As for the individual ((fact)) or ((or)) tags it's not my preference but the way it is useful, you're supposed to provide them to justify and explain the presence of a big header at the top, and so that editors can know what to fix (and so that readers can know which parts are disputed). Another editor has now removed the top headers, but if you put them again please join specific ((or)) tags in the prose this time. 62.147.38.170 (talk) 19:06, 13 January 2009 (UTC)
It's absolutely stupid and makes no sense: Kyle Bobby Dunn - a young composers whom I respect very much - gets several lines of content whereas established drone artists such as Phill Niblock or Eliane Radigue are just mentioned as if they had just appeared. No way to deal with drone music. — Preceding unsigned comment added by 37.24.151.34 (talk) 16:31, 5 October 2013 (UTC)

Removed subgenres in infobox

I have removed "None" from the subgenres section in the infobox, because it is redundant. --189.194.160.229 (talk) 20:56, 15 May 2011 (UTC)

Removed unsourced content

I have removed the following text from the article:

In the UK, a crop of 1980s rock bands appeared who owed greater or lesser debts to the Velvet Underground, Krautrock, and subsequent droning trends. Cocteau Twins, Coil, My Bloody Valentine, Slowdive, The Jesus and Mary Chain, Ride, Loop (who covered Can's "Mother Sky") Brian Jonestown Massacre (Methodrone album) and Spacemen 3 (who used a text by Young for the liner notes to their record Dreamweapon: An Evening of Contemporary Sitar Music, a live 45-minute drone piece),[1] for instance reasserted the influence of the Velvet Underground and its antecedents in their use of overwhelming volume and hovering sounds, even as they asserted rockish and propulsive rhythms. Sonic Youth uses a large number of guitars with alternate tunings to emphasise the drone in almost all of their songs. They also quite often prolong notes in their song structures to add more droning in their song.
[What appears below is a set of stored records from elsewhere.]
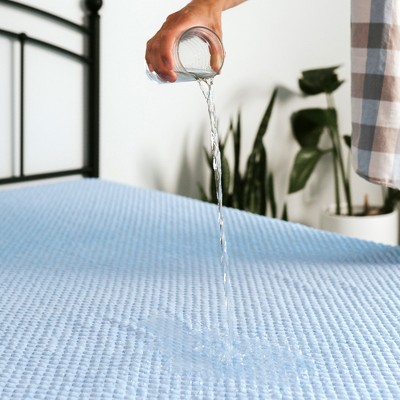 Aere Crystal Blue Cooling Waterproof Queen Mattress Protector
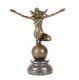 9973393-dssp Bronze Sculpture Femme Sur Globe Terrestre Art Nouveau Érotique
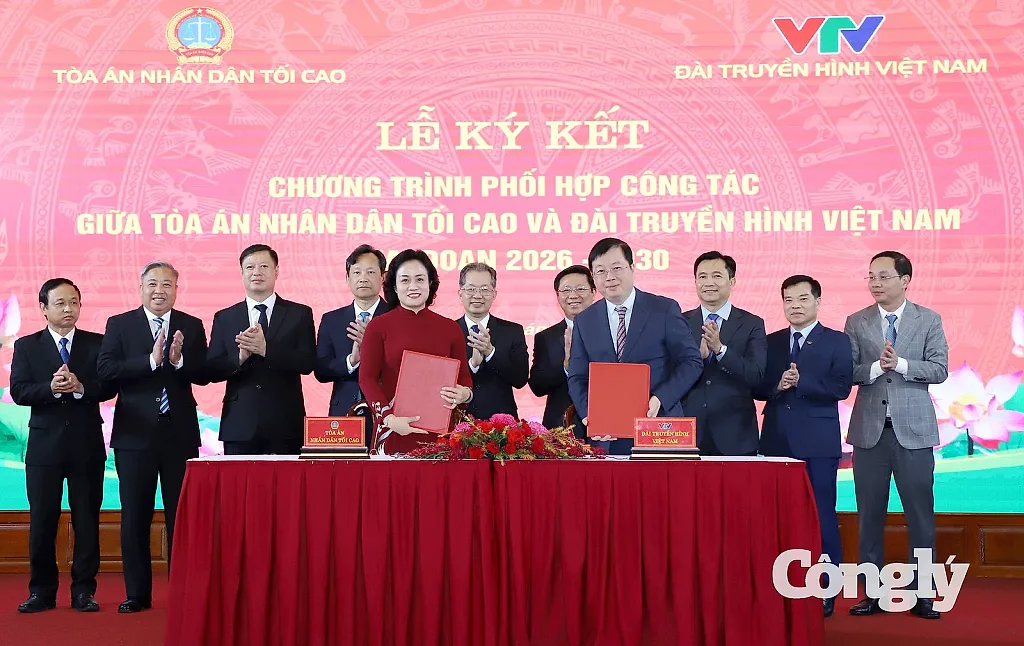 TAND tối cao và VTV ký kết chương trình phối hợp công tác thông tin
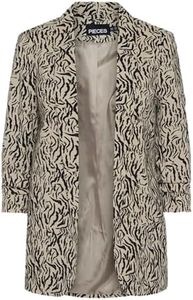 PIECES Pcbosella 3/4 Printed Blazer Noos, White Pepper/AOP:Graphic, XL Mujeres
Pelt and Charalambides expanded them further still while referring to eighties and nineties noise music, Metal Machine Music-derived performers like Merzbow, C.C.C.C., and KK Null.

And I added this instead:

Cocteau Twins, Coil, My Bloody Valentine, Slowdive, The Jesus and Mary Chain, Ride, Loop (who covered Can's "Mother Sky"), Brian Jonestown Massacre (Methodrone album) and Spacemen 3 (who used a text by Young for the liner notes to their record Dreamweapon: An Evening of Contemporary Sitar Music, a live 45-minute drone piece[2]) reasserted the influence of the Velvet Underground and its antecedents in their use of overwhelming volume and hovering sounds, while Sonic Youth quite often prolong notes to add more droning in their songs.